Most people float the idea of investment property around at some point in their life, and the growing popularity of real estate buy-and-flip shows only makes the prospect more enticing. However, before taking out multiple mortgages or meeting with private lenders, it's imperative to understand more about real estate investment.
Now is a great time to invest in real estate property. Most millennials choose to rent versus buy, and interest rates are reaching historic lows, but some responsibilities and headaches come with investing in real estate. Rental properties do not immediately equate to passive income, as rental owners have to maintain properties, find and retain tenants, and constantly update their properties to protect their investment.

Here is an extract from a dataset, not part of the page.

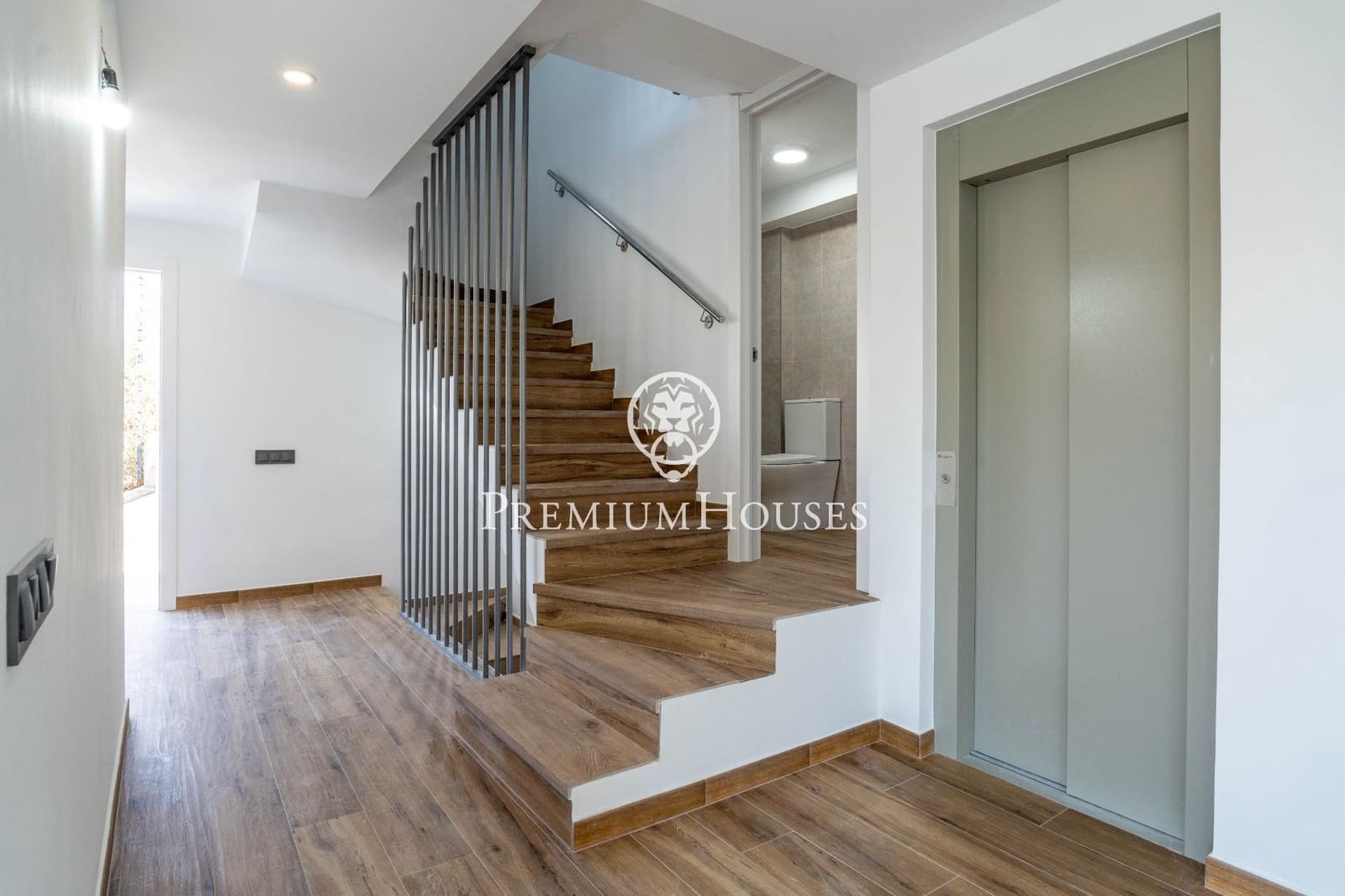 4 quarto Moradia para venda em Sant Pere de Ribes com piscina garagem - 850 000 € (Ref: 10021120)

However, the trade-off for that extra headache is a monthly stream of revenue and the potential to sell a property eventually for profit. Real estate investment is considered one of the safest forms of investment since tangible property generally holds its value if you work with knowledgeable mortgage brokers and choose the right areas to invest in.
What that in mind, if you are ready to invest in real estate rentals, here are a few things you should know. The following tips for buying rentals aim to ensure your investment is sound and will continue to add value to your investment portfolio over the next few years.
Property ownership as a landlord is an exciting animal, as it doesn't always follow the same rules as traditional property ownership as a homeowner. Areas with high appreciation often result in low cash flow for rentals because you usually can't have it both ways. Investors who anticipate a high appreciation value are willing to give up some cash flow by securing a higher mortgage. At the same time, the best deals on rental properties lay in areas with low appreciation rates, which means there is a higher potential for monthly cash flow. Therefore, you have to determine your investment strategy upfront and get comfortable with one or the other.
Of course, before you start looking at a location, you need to decide if you will purchase your rentals or finance your purchase. Contemporary wisdom suggests that buying a house is the smarter decision because then the cash flow is entirely yours; however, when you break down the cash return on owning a home versus investment, sometimes leveraging a property by financing results in a higher cash return. Therefore, it is best to talk to a trained mortgage broker about your options and do the math before making a final decision. How comfortable you are with debt will also heavily influence your ultimate decision.
Most people obtain a mortgage when they first become a landlord, and you won't see positive cash flow during the first few years of real estate investment because of the high costs of upkeep and mortgage interest. The longer you own a property, the higher your appreciation rate and cash flow. Therefore, you have to be comfortable with long-term investment. If you aren't, property investment might not be the right investment tool.
Speaking of which, you also need to evaluate if you are ready to be a landlord. Landlords must be available 24/7 since emergencies can happen at any time, screen tenants, schedule repairs, and handle disputes among tenants. Not everyone is comfortable with that level of interaction or responsibility. Alternatively, you can hire a management service to take care of these tasks, but they will take 6-10% of your rental income.
While rental income can be intoxicating, it is essential to keep 20-30% of your rental income aside for emergencies and maintenance. As a landlord, you can't wait to make repairs, and you are legally compelled to care for your properties, so you need to be prepared for all scenarios.